I would be willing to bet you with over 100 to 1 odds that one of 2 things exist with their Workmans Compensation policy!!! *No, make that 1,000 to 1 odds! *I have never been wrong on this suspicion before. You know what? Even when it has been pointed out to homeowners that a "Carpentry" policy for Workers Compensation does not cover "Roofing" work, if that is their primary function of the contract, most Home Owners are still too ignorant to give a dang.

First, they declare themselves as independant workers versus payroll employees and are not officially "Covered" under the Worker Compensation Policy. (Ask to see an actual paycheck with withholding taxes.)

Second, they are calling themselve a "Remodeling" company or some other type of SIC, (Standard Industrial Code), for the purposes of obtaining a workers compensation policy with substantially lower rates. My policy cost 39 points, which is the same as saying, for every $ 100.00 of payroll, I contribute $ 39.00. i.e. $ 100,00.00 payroll for the year = $ 39,000.00 to workers compensation insurance company. (Contact the insurance company for verification that the work they are performing is covered under the policy.)

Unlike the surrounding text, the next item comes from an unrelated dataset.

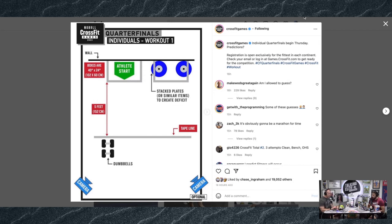So for workout one, we have two boxes — both 40 inches by 24 inches, or 102 by 60 centimeters. One box is where the athletes start, your standard gray taped box. The one to the right has two plates on it to create a deficit. There are two boxes side by side with five feet of separation and a tape line, then two dumbbells on the other side.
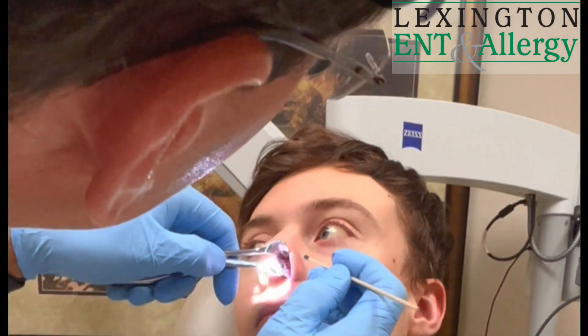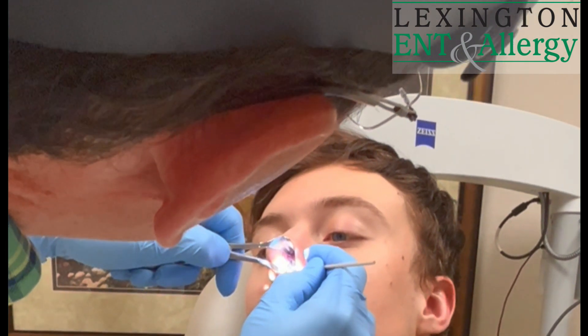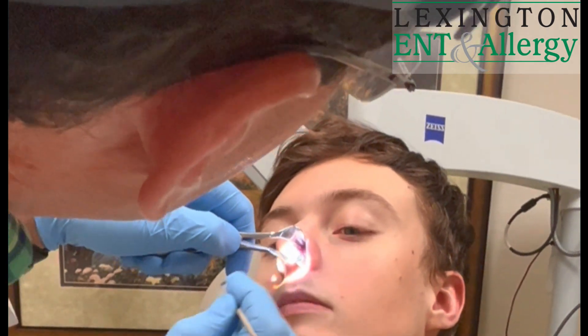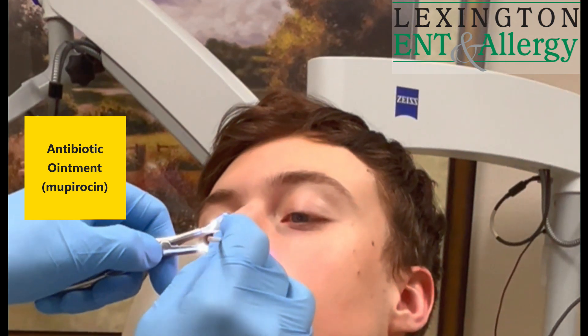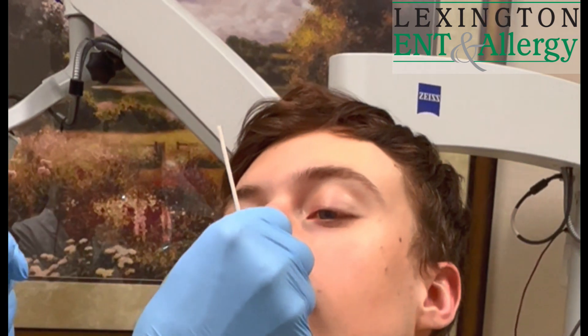Still need to do a little bit more. I'm going to put a little ointment in there. Just take a little glob of ointment and I'm just going to smear this really just up the crease of the nose and pinch that to rub it around a little bit.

Oh! I said 2 things. There is also a 3rd potential. They all claim to be "Partners" in the business or at least the family members do. Then they are allowed to *"Exempt"* themselves from coverage. *That means that there is NO INSURANCE on them as workers on your home if any accident were to occurr.* 

Now, if any of these 3 scenarios are true, how do you feel about how they put your entire lifes most valuable asset at risk?

With the copy of workers compensation insurance policy that they gave you....Errrr, you did request a copy of the policy, didn't you? 

Call up the insurance carrier and find out if their are any exemptions or limitations or exclusions on the policy.

I could knock off $ 1,000.00 to $ 2,000.00 per bid if I had unsuspecting homeowners who didn't mind me having a fake and useless workers compensation policy.

I insist on giving every Home Owner a copy of the policy and it has the insurance companies phone number right on it for them to contact directly.

Check up on this and see if they put your assets at risk.

Ed


----------



## amazer

Good points, Ed. I saw a liability policy but no workers comp policy. Now I know better, but since they're halfway into the job... and, here in NH, even family members who work for an employer are required to carry WC.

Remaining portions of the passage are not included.